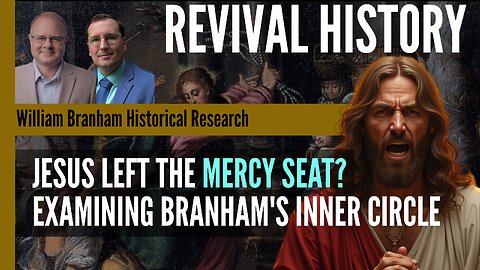 Jesus Left the Mercy Seat: Doomsday Theology of Lee Vayle - Charles Paisley - Ep 325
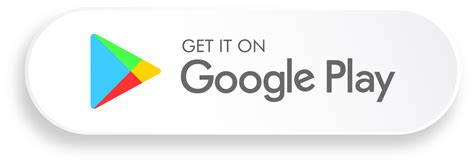 Google play store download button in white colors. Download on the ...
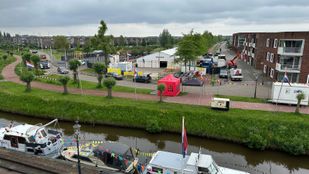 Havenfeesten in opbouw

Task to complete
Copy the data in full. No pictures belong in the copy.

Completed task
 Jesus Left the Mercy Seat: Doomsday Theology of Lee Vayle - Charles Paisley - Ep 325
 Google play store download button in white colors. Download on the ...
 Havenfeesten in opbouw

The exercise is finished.